Bovine pancrease RNAse was appealing as an experimental substrate for several reasons. It is highly expressed, and available cheaply in large amounts from slaughterhouses. It is extremely stable to protease digestion, a wide range of pH, and a wide range of temperature. It evolved to be super stable, because it operates in the cow gut at pH ~2 and in the presence of high concentrations of trypsin and chymotrypsin. These properties could be leveraged to purify RNAse. Until then, the only proteins that had been appreciably purified were very abundant blood proteins - usually hemoglobin. In fact, Perutz got his myoglobin from whale blood. RNAse had yet another desirable property: it is an enzyme with readily assayable activity. By measuring cleavage of RNA in vitro you could measure how much enzyme function you had recovered.

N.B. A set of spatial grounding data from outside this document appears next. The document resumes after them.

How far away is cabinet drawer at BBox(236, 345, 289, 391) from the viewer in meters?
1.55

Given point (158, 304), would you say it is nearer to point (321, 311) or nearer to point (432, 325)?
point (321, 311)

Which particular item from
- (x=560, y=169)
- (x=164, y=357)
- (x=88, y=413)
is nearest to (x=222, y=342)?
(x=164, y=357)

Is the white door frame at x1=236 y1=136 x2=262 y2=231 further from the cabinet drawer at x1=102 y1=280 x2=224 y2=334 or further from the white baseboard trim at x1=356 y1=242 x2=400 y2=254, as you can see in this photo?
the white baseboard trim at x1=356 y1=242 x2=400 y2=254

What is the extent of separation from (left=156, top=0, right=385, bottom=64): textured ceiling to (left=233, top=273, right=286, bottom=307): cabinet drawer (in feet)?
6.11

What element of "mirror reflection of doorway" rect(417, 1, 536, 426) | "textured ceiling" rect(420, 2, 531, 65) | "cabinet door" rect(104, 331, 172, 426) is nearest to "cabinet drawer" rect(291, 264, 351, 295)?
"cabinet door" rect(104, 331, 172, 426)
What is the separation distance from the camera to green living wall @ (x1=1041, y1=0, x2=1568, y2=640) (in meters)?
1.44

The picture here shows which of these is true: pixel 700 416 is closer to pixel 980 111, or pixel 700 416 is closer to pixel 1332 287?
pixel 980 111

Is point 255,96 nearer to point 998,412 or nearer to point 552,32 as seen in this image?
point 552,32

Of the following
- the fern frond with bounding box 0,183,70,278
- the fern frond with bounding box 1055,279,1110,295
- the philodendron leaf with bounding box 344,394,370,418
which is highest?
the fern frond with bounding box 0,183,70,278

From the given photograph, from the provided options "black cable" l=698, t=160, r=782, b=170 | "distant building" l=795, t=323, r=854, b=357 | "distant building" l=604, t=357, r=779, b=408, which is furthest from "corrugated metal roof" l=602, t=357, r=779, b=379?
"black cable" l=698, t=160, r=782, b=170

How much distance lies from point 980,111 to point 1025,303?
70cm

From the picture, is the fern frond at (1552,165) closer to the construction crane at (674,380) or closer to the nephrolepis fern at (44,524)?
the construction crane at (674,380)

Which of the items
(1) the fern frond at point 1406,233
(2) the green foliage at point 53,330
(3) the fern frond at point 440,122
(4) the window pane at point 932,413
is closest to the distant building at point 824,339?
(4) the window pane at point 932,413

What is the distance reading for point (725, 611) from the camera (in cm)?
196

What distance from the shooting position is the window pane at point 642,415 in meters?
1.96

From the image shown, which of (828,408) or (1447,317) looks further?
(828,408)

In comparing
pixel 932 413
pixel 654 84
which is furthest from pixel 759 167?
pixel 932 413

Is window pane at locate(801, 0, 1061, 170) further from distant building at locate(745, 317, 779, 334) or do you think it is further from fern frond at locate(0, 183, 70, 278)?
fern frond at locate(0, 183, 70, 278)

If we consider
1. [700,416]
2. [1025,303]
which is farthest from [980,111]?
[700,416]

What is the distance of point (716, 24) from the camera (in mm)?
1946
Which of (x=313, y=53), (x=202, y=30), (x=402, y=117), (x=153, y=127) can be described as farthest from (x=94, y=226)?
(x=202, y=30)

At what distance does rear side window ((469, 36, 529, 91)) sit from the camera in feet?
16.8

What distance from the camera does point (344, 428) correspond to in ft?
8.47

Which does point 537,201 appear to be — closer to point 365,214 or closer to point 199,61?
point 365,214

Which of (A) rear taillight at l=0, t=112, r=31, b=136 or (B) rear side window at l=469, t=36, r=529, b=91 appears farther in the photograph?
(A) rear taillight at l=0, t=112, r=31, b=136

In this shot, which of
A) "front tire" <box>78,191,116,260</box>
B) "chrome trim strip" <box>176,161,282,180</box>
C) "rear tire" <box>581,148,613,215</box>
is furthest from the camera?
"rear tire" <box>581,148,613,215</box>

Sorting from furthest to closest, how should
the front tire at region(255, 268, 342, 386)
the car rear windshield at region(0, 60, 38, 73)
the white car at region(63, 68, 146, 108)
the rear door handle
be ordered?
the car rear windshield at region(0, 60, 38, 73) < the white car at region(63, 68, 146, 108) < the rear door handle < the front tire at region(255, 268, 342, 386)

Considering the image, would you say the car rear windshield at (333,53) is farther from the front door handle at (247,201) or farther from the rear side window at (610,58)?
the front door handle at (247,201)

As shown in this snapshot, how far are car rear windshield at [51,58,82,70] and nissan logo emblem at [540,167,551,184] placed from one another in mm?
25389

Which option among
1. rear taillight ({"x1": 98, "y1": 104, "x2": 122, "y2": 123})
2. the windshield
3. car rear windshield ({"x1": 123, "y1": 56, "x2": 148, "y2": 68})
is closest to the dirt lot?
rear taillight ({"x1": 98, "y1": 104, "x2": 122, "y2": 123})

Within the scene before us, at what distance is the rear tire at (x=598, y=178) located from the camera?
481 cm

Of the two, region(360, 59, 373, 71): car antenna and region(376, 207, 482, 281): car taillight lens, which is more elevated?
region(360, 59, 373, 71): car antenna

By this time, chemists already knew that thiol (-SH) groups were the most reactive groups on amino acids. Anfinsen and colleagues therefore expected that the disulfide bonds would prove responsible for the catalytic activity of RNAse. They hypothesized that if they reduced the disulfide bonds with mercaptoethanol, they could abolish RNAse’s activity. You could count the number of reduced (-SH) cysteines using a colorimetric assay based on a small molecule that selectively binds -SH. They were unable to completely reduce all eight cysteines with mercaptoethanol, so they turned to 8M urea. In the process, they discovered that high molarity urea denatures proteins. After they had finally denatured and reduced all four disulfide bonds of RNAse, the catalytic activity was gone. They then dissolved the protein at 1 mg/mL into a phosphate buffer, and then very gradually bubbled in an oxidizing reagent, or alternately dialyzed out the urea and mercaptoethanol. Once the solution turned sufficiently oxidizing, about 15% of the original catalytic activity was recovered. This was taken as evidence that the information required for protein folding was encoded in the polypeptide chain itself, because the protein was able to “remember” and reassume its native conformation.

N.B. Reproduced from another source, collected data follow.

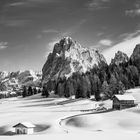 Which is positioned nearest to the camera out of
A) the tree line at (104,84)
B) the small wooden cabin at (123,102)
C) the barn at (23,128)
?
the barn at (23,128)

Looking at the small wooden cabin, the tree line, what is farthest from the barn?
the tree line

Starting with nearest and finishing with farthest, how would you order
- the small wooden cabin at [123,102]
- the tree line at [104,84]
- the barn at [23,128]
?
the barn at [23,128], the small wooden cabin at [123,102], the tree line at [104,84]

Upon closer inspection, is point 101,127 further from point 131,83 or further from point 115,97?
point 131,83

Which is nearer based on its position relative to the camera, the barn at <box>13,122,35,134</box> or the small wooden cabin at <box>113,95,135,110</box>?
the barn at <box>13,122,35,134</box>

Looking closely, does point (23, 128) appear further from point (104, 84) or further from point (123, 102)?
point (104, 84)

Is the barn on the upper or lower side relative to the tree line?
lower

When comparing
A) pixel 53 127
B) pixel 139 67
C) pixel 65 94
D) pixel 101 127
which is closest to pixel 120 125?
pixel 101 127

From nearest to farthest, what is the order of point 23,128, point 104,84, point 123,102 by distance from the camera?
point 23,128 < point 123,102 < point 104,84

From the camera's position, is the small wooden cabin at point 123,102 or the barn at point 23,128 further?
the small wooden cabin at point 123,102

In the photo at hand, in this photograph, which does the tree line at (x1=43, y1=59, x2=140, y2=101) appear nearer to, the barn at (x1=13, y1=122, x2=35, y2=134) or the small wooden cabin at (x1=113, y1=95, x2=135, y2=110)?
the small wooden cabin at (x1=113, y1=95, x2=135, y2=110)

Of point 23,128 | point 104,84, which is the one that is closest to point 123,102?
point 104,84

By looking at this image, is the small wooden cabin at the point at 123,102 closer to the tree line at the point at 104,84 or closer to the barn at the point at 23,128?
the tree line at the point at 104,84

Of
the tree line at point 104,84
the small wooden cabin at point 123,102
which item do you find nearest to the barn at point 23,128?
the small wooden cabin at point 123,102

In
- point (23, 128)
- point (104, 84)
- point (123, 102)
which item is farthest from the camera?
point (104, 84) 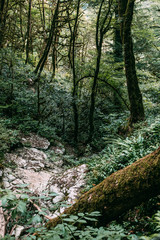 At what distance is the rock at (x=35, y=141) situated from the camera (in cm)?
615

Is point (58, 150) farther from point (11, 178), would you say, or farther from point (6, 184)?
point (6, 184)

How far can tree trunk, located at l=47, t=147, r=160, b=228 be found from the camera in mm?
1541

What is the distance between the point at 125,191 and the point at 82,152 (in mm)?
6421

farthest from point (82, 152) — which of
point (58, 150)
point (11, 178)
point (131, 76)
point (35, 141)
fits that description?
point (11, 178)

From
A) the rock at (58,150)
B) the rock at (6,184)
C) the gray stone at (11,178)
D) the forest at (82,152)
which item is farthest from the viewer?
the rock at (58,150)

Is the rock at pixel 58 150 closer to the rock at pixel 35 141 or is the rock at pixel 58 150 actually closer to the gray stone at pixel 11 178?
the rock at pixel 35 141

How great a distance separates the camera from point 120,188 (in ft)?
5.48

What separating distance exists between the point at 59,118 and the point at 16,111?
250cm

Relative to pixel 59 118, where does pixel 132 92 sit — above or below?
above

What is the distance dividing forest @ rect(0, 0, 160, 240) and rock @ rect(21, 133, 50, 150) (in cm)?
5

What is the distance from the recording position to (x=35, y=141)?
21.5 feet

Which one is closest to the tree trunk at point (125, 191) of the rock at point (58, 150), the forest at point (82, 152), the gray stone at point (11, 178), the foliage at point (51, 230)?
the forest at point (82, 152)

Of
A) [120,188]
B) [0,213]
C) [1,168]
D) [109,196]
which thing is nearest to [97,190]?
[109,196]

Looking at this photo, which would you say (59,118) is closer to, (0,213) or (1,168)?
(1,168) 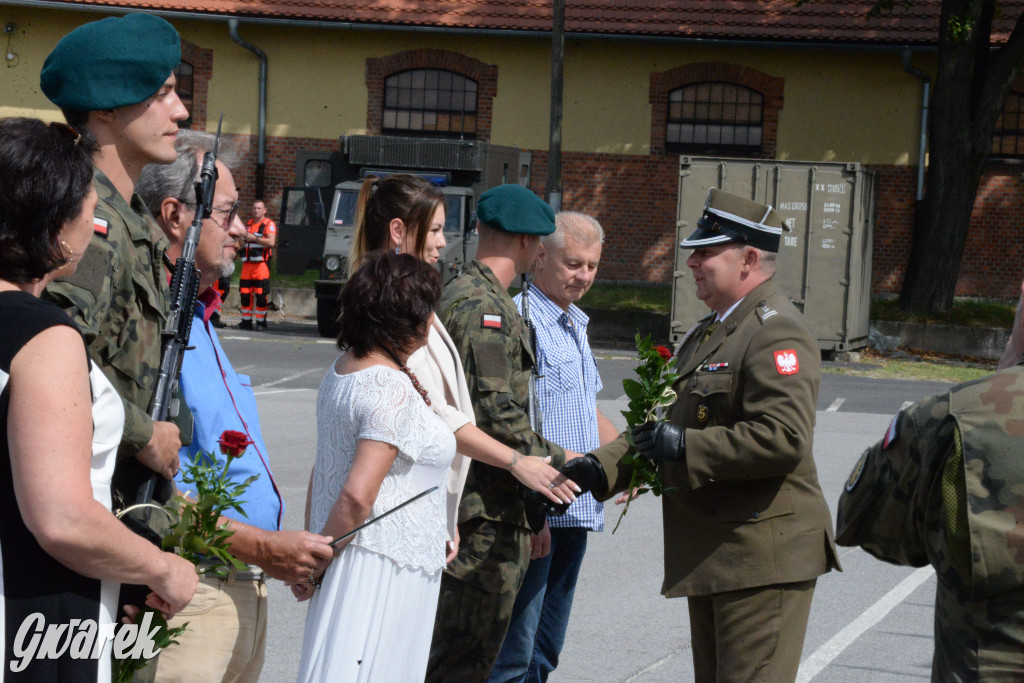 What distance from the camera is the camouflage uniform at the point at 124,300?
8.37 ft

While this represented an enormous breakthrough, it also led to several misconceptions which took decades to break down. One conclusion that many people drew from the Anfinsen experiment is that the native state of a protein is the lowest free energy state. This attitude may have retarded progress in the field, as it implied that a protein’s search for its native state is simply combinatoric rather than following a specific and dissectable pathway. Cyrus Levinthal eventually calculated the number of possible folds for a protein, and found that the number was astronomical, and there was no way a protein could sample every state. Even after this calculation was published, though, it was years before people accepted the empirical evidence that, indeed, a great many proteins simply do not adopt a native fold spontaneously. Many researchers tried to get actin and tubulin to spontaneously refold in solution, each thinking they were the first to try, then failing, and keeping their unpublishable failure a secret, thus allowing the next fool to do the same. It took many decades of failure before it was discovered that actin and tubulin can fold only with the help of specific chaperones, which will be introduced later this semester. Another, later, realization has been that the native state is not necessarily the lowest energy. In attempts to purify proteins, it was often the case that a large amount of aggregated protein would be discarded in the pellet, and only the properly folded soluble protein would be studied and reported. Calculations regarding free energy and so on were all done on only the soluble fraction, with the rest swept under the rug. It has been a long road to the realization that the amyloid state of many proteins is exceptionally stable.

Indeed, even for RNAse, one of Anfinsen’s students later discovered that re-folding RNAse resulted in the production of plenty of species containing incorrect combinations of cysteines being bonded to each other - these species would pellet out and had been ignored in the original experiment. That student went on to discover disulfide isomerase, an enzyme whose physiological function is to reorganize disulfide bonds into the correct configuration.